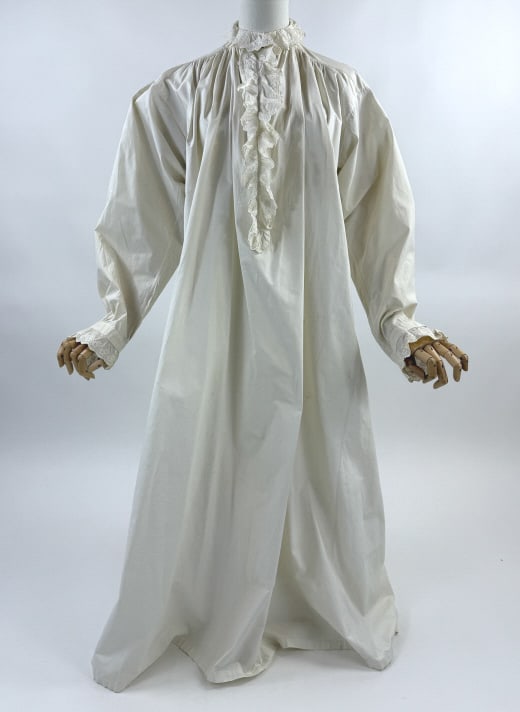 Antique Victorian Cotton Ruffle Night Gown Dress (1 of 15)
* * *
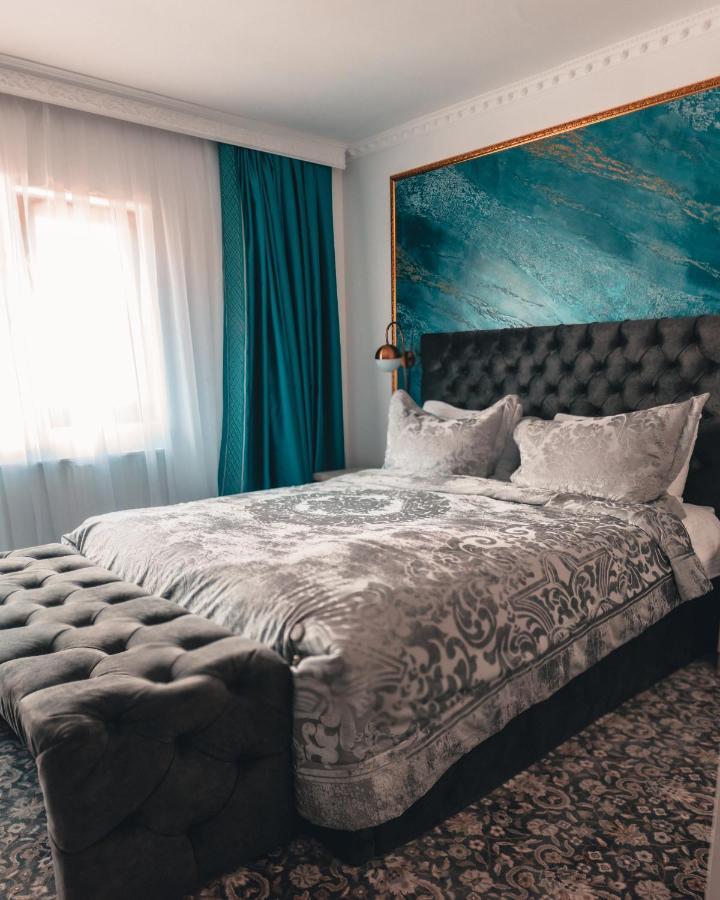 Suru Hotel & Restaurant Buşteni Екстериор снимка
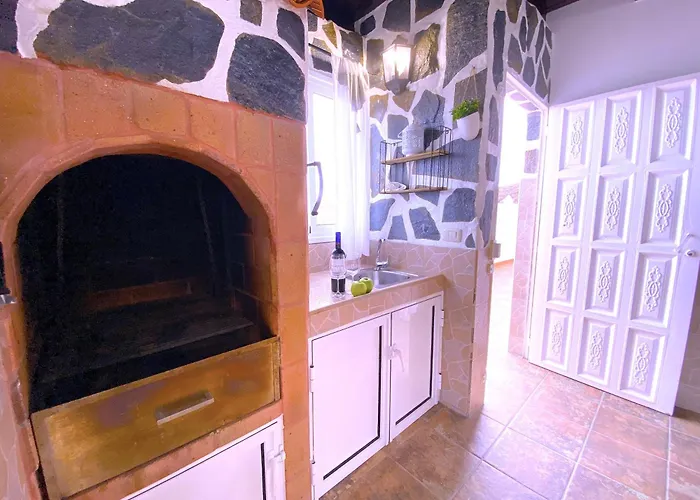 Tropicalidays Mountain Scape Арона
==
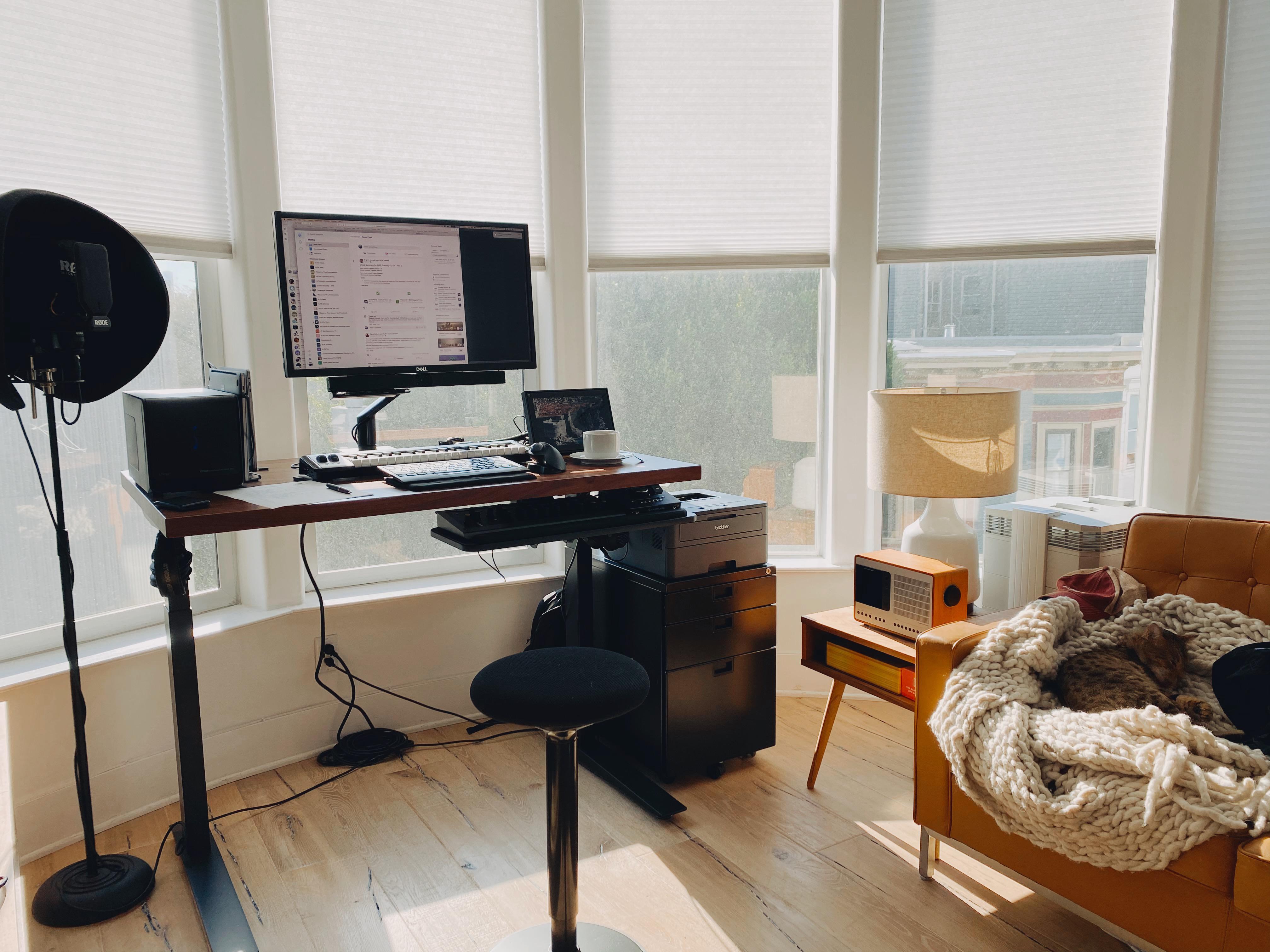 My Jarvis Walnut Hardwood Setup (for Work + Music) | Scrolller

WORK REQUEST ▸
Word for word, repeat the lines above from the one with "Suru Hotel &" through the one with "Tropicalidays Mountain Scape Арона", and nothing beyond them. Omit the pictures.

TASK RESPONSE ▸
 Suru Hotel & Restaurant Buşteni Екстериор снимка
 Tropicalidays Mountain Scape Арона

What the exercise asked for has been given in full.